Joy is, without doubt, O’Russell’s most engrossing and straightforward piece yet. He doesn’t meander, and he doesn’t lose focus for a second. He successfully incorporates crushing themes of consumerism and bigotry, and lets said themes play out in the despair of the viewer’s eyes. He constructs the characters in Joy’s life very simply, but gets away with it. They are cardboard-cutouts in the best sense possible because they leave the viewers very sure about Joy’s family dynamics and the way that she feels about each person in the film. He leaves all of the film's complications to the obstacles that she faces along the journey, and this results in seamless and absorbing plot development.

Bradley Cooper comes in after a decent amount of screen time, and he plays the QVC rep through which Joy is able to advertise her product on television. His role, as her personal connection to the non-personal realm of business, is key and his performance is exactly what you’d expect from Cooper. From a wardrobe/makeup perspective, his appearance properly conveys the high stakes associated with his job along with the same level of anxiety that the audience experiences during the majority of his screen time. Despite being draped in professional clothes with his consistently great haircut, he looks like he’s operating on three to four hours of sleep and his tie is tied loosely in every frame. De Niro performs on the same level; he delivers lines with gusto and adheres purposefully to the character of Joy’s father: a dull, but good-hearted man who has accepted into his heart the same condemning ideology that threatens to corrupt Joy’s success: that successful business is done by only the elite male.

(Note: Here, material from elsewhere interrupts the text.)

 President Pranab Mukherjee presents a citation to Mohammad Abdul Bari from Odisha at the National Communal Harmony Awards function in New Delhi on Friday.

Make no mistake, however, it’s all about Lawrence here. From her first scene, it was clear that she was going to shine as the housewife-turned-entrepreneur who is tested on every level. She wears anguish on her face when duty calls and kicks butt when she has to. It seems as though this is the role she was meant to play, as her portrayal feels comfortable and just plain right every step of the way. I foresee strong Oscar consideration for her work here.

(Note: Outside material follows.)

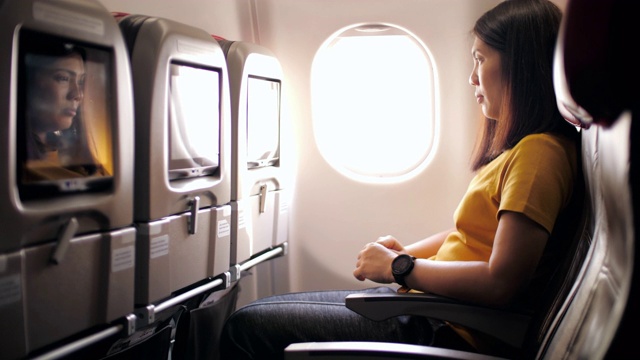 飞机内与女乘客在飞机客舱使用多媒体触摸屏，慢动作视频素材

All merits aside, Joy does have two setbacks that keep it from being a near-perfect film, and those are its obligatory ending and its imprecise voiceover. Seen many times before in many different movies, this aggravating sort of ending didn’t hurt Joy but certainly didn’t send itself off effectively by any stretch of the imagination. It was an attempt by the filmmakers to encapsulate all of the movie’s ideals and the characters’ denouements in one scene which was suppose to affirm our faith in what we had just watched for the last two hours. Ultimately, this goal was not reached and this scene was extremely unsatisfying. Furthermore, the movie is sort of narrated by Joy’s grandmother who, from an early age, was the only person in her life who voiced her support of Joy. Many times over, she is shown conveying her faith in Joy and telling her that she can be an amazing young entrepreneur or a great woman or a strong matriarch or a wonderful parent or a good person… Or something like that. And this is the problem; her presence in Joy’s life is too vague and her effect on Joy’s path and self-image is undefined if at all evident. Maybe her effect on Joy was more profound in real life, but based what we see in the movie, she was simply not influential enough to have the sole narration over the proceedings, which was sporadic at best.

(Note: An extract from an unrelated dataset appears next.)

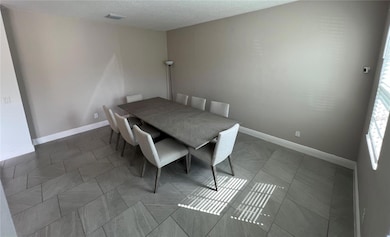 Formal dining room with 8-seat table included in rental or formal living room.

Conclusively, Joy is a wonderful tale of a strong woman who made her way in a man's world and, unlike the filmmakers' and actors' previous movies, it is suitable for a family viewing. From me, it garners a three (out of four) star rating and ranks second on the list of O' Russell's works. In addition to serving as an inspirational biopic, it is also a film that harbors a moving performance and one that divulges formidable themes about society. It's one that won't be (completely) ignored by the Academy this year, and one that shouldn't be ignored by anybody else either.